The service disruption cost the social media giant an estimated $100 million in lost revenue
Facebook responded Monday night to the mass outages it experienced earlier in the day, saying there was “no malicious activity” to blame.
Santosh Janardhan, vice president of infrastructure, apologized to users of Facebook, Instagram and WhatsApp in a blog post, saying, “We’ve been working as hard as we can to restore access, and our systems are now back up and running. The underlying cause of this outage also impacted many of the internal tools and systems we use in our day-to-day operations, complicating our attempts to quickly diagnose and resolve the problem.”
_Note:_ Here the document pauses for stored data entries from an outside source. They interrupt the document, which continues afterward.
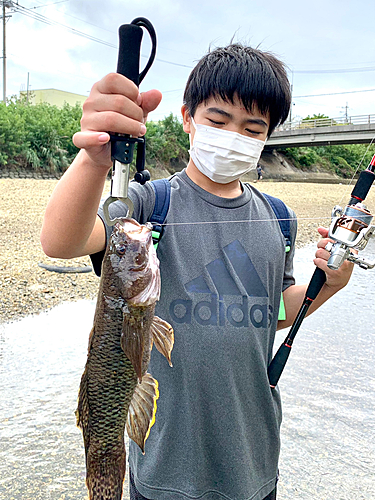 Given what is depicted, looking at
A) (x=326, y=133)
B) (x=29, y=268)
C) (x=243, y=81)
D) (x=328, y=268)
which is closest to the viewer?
(x=243, y=81)

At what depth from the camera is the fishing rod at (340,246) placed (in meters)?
2.20

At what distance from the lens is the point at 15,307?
6578 millimetres

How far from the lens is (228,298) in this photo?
6.57 feet

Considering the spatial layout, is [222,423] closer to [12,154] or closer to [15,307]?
[15,307]

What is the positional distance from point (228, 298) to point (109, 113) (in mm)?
990

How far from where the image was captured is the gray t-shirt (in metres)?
1.90

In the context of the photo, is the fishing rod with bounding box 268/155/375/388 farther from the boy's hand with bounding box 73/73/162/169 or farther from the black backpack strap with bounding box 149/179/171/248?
the boy's hand with bounding box 73/73/162/169

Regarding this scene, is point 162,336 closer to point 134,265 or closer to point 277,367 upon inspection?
point 134,265

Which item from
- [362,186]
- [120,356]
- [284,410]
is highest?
[362,186]

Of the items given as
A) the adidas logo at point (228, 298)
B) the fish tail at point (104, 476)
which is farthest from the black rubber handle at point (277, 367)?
the fish tail at point (104, 476)

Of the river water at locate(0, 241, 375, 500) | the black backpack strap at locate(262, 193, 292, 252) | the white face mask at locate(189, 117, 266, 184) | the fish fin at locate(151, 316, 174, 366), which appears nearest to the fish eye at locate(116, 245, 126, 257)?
the fish fin at locate(151, 316, 174, 366)

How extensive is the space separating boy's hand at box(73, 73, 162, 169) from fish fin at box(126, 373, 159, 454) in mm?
792

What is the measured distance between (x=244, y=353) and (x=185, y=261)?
446 millimetres

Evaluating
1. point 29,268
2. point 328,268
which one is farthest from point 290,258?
point 29,268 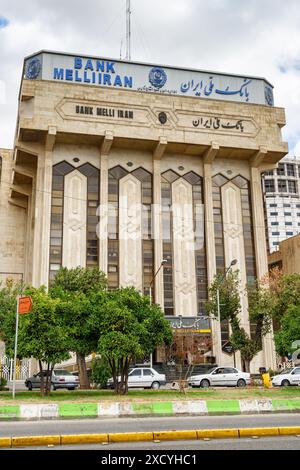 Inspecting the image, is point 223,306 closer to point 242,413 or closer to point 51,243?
point 51,243

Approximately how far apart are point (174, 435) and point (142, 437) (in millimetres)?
670

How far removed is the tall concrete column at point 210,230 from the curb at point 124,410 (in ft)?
104

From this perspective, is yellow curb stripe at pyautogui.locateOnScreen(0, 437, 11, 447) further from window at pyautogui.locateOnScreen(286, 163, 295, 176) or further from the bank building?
window at pyautogui.locateOnScreen(286, 163, 295, 176)

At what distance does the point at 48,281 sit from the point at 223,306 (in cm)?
1667

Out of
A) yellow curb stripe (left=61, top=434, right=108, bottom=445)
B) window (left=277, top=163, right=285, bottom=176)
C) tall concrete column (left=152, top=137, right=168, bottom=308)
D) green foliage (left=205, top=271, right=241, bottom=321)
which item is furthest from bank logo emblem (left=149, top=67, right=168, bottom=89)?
window (left=277, top=163, right=285, bottom=176)

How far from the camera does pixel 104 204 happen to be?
1913 inches

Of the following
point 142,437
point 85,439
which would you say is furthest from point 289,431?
point 85,439

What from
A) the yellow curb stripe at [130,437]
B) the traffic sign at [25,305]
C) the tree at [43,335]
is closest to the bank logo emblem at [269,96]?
the tree at [43,335]

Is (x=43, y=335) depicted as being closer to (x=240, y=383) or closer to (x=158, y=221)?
(x=240, y=383)

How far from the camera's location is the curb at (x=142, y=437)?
9.77m

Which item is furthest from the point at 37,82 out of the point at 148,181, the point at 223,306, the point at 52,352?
the point at 52,352

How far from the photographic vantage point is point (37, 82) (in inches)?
1884

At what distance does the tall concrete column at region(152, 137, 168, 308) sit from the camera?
156ft

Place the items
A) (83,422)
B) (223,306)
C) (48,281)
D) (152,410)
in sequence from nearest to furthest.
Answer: (83,422), (152,410), (223,306), (48,281) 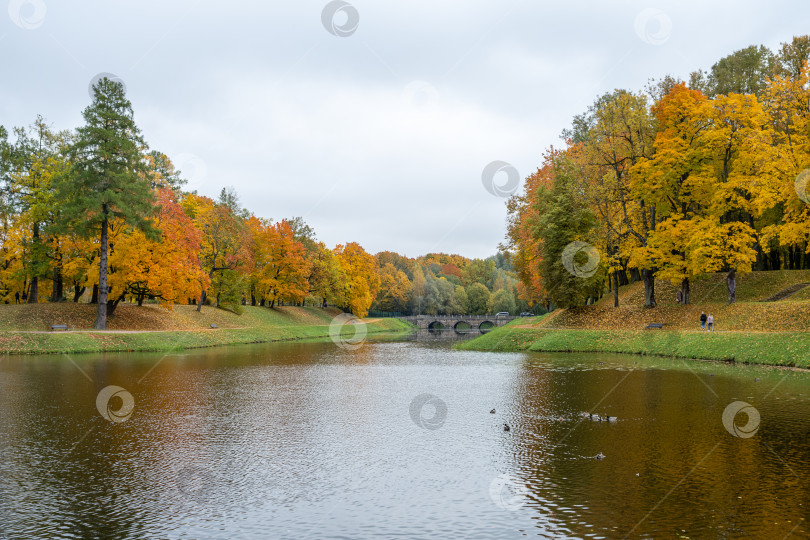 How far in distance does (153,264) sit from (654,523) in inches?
2004

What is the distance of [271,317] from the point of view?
267 ft

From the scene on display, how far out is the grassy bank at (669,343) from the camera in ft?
102

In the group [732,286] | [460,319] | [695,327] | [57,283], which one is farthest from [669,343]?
[460,319]

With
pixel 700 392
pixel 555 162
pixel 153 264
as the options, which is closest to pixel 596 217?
pixel 555 162

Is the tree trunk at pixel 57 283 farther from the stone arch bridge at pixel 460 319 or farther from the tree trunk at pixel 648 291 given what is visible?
the stone arch bridge at pixel 460 319

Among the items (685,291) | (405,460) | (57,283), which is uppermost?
(57,283)

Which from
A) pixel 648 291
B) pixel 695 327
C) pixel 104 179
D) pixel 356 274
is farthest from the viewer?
pixel 356 274

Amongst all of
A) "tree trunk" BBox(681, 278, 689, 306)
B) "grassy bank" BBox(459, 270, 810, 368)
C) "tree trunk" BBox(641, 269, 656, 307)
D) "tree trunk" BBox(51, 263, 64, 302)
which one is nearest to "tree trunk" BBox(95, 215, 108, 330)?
"tree trunk" BBox(51, 263, 64, 302)

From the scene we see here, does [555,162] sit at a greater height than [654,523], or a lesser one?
greater

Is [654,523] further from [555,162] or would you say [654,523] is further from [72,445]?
[555,162]

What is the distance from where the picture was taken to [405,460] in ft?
45.4

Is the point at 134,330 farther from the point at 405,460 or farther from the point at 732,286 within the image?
the point at 732,286

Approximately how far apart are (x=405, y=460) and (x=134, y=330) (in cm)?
4485

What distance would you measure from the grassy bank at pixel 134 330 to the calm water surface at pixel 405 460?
16.6 m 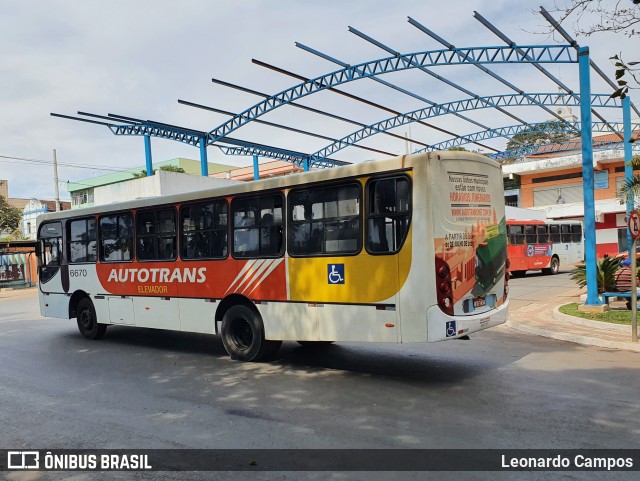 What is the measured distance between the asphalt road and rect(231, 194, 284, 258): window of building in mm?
1828

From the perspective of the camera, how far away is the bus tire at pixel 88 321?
1130 cm

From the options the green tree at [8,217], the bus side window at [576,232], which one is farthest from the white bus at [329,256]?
the green tree at [8,217]

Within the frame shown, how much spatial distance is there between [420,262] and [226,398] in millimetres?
2944

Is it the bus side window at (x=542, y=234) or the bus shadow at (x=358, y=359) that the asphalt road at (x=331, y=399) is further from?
the bus side window at (x=542, y=234)

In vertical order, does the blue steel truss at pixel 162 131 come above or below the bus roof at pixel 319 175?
above

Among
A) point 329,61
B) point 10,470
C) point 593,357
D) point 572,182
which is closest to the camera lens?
point 10,470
Janardhan went on, “Our engineering teams have learned that configuration changes on the backbone routers that coordinate network traffic between our data centers caused issues that interrupted this communication. This disruption to network traffic had a cascading effect on the way our data centers communicate, bringing our services to a halt.”
A “configuration change” was the culprit, per the post.
Earlier Monday, the company released a statement saying, “We’re aware that some people are having trouble accessing our apps and products. We’re working to get things back to normal as quickly as possible, and we apologize for any inconvenience.”
The outages come one day after former Facebook product manager Frances Haugen came forward as the whistleblower who filed at least eight complaints to the Securities and Exchange Commission last month containing tens of thousands of pages of internal company research. According to Haugen, the documents prove the social media giant has lied about the effectiveness of its public efforts to remove misinformation, hate and violent content from its platform.